Gerhard Rühm

L’Essentiel de la grammaire (Das Wesen der Grammatik)

Rühm Lessentiel De La Grammaire Mmk Salzburg Frei - © Generali Foundation Collection – Permanent loan to the Museum der Moderne Salzburg
  • Gerhard Rühm
  • L’Essentiel de la grammaire (Das Wesen der Grammatik)
  • 1962
  • Deutsche Grammatik in 6 Tafeln, übermalt mit Tusche, faltbar
  • 46.5 × 68.2 cm
  • - © Generali Foundation Collection – Permanent loan to the Museum der Moderne Salzburg

In den 1950er- und 60er-Jahren begann Gerhard Rühm damit, die Texte von Bücher- und Zeitungsseiten mit dunkler Tusche zu übermalen, bis nur noch eine geringe Anzahl ausgesparter Worte zu sehen war.
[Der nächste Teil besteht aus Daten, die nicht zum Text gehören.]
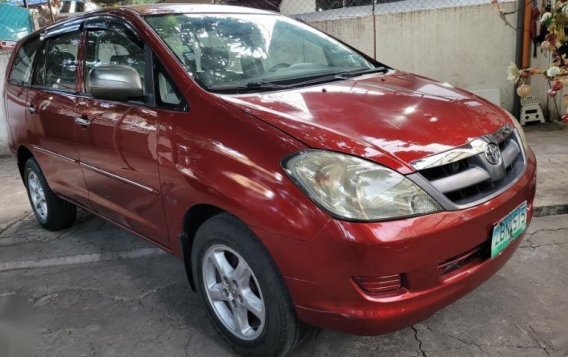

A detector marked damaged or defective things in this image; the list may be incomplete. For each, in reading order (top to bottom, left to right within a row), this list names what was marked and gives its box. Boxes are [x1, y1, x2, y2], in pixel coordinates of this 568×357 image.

cracked pavement [0, 152, 564, 354]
Rühm, der diese Werke als „Typocollagen“ bezeichnete, ging es darum, die dunklen monochromen Farbfelder und die scheinbar zufälligen Inseln lesbarer Texte in visuelle Variationen von musikalischen Partituren oder Poesie zu überführen. So betrachtet, fungieren die nahezu völlig eingeschwärzten Seiten gewissermaßen als komponierte Pausen innerhalb einer umfassenderen „Darbietung“ der Betrachter, die sich von einem exponierten Wort zum nächsten bewegen. Dadurch ließ sich die umfassendere Struktur des geschriebenen Textes und der Prozess des Lesens in Szene setzen. 
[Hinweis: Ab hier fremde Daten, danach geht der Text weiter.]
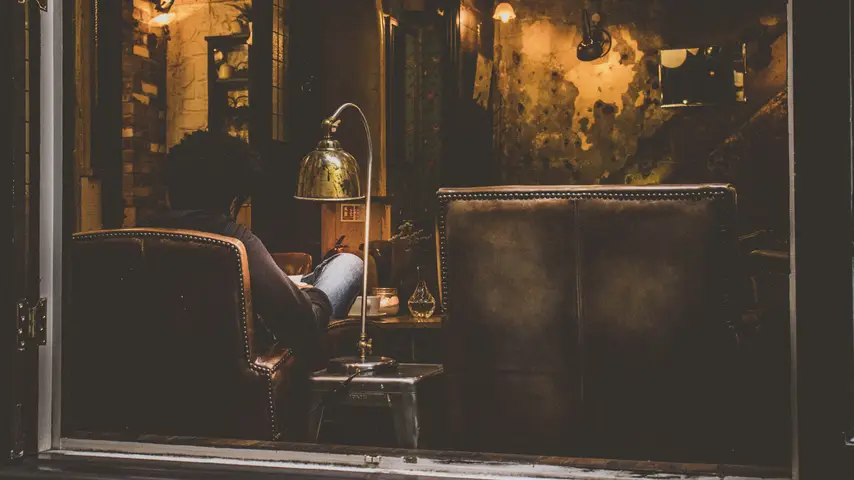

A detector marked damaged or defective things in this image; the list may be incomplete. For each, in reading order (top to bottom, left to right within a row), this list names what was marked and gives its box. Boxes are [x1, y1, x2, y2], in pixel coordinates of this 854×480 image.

Innerhalb eines solchen Rahmens müssen Werke wie L’Essentiel de la grammaire (Das Wesen der Grammatik, 1962) als Übertragung einer intellektuellen Übung in den Bereich des Visuellen und des Performativen betrachtet werden. Unter Verwendung eines Systems, das den Gebrauch der deutschen Sprache regelt, versucht Rühm die etwas trockene grammatikalische Tabelle durch das Übermalen und das selektive Nebeneinander von Worten und Formulierungen in etwas zu verwandeln, das lyrisch und poetisch ist. Indem er sich außerdem auf die materiellen Eigenschaften der Tabelle selbst, sprich das Layout sowie die Form und Type der Buchstaben, konzentriert statt auf ihre ursprüngliche Funktion (die gleichwohl durch die Entscheidung des Künstlers, den Titel beizubehalten, angedeutet wird), stellt Rühms Intervention den Status des Schaubilds als eines in sich geschlossenen Objekts wieder her und veranschaulicht zugleich die inhärente Formbarkeit und zeitliche Kontingenz sprachlicher Systeme.

Damian Lentini

Biografie von Gerhard Rühm

  • Geboren 1930 in Wien, Österreich

Bekannt wurde Gerhard Rühm durch seine akustischen Kunstwerke, zu denen Lautgedichte und Sprechtexte gehören. Er studierte an der Universität für Musik und darstellende Kunst in Wien und nahm später Privatunterricht bei dem Komponisten Josef Matthias Hauer (1883–1959). 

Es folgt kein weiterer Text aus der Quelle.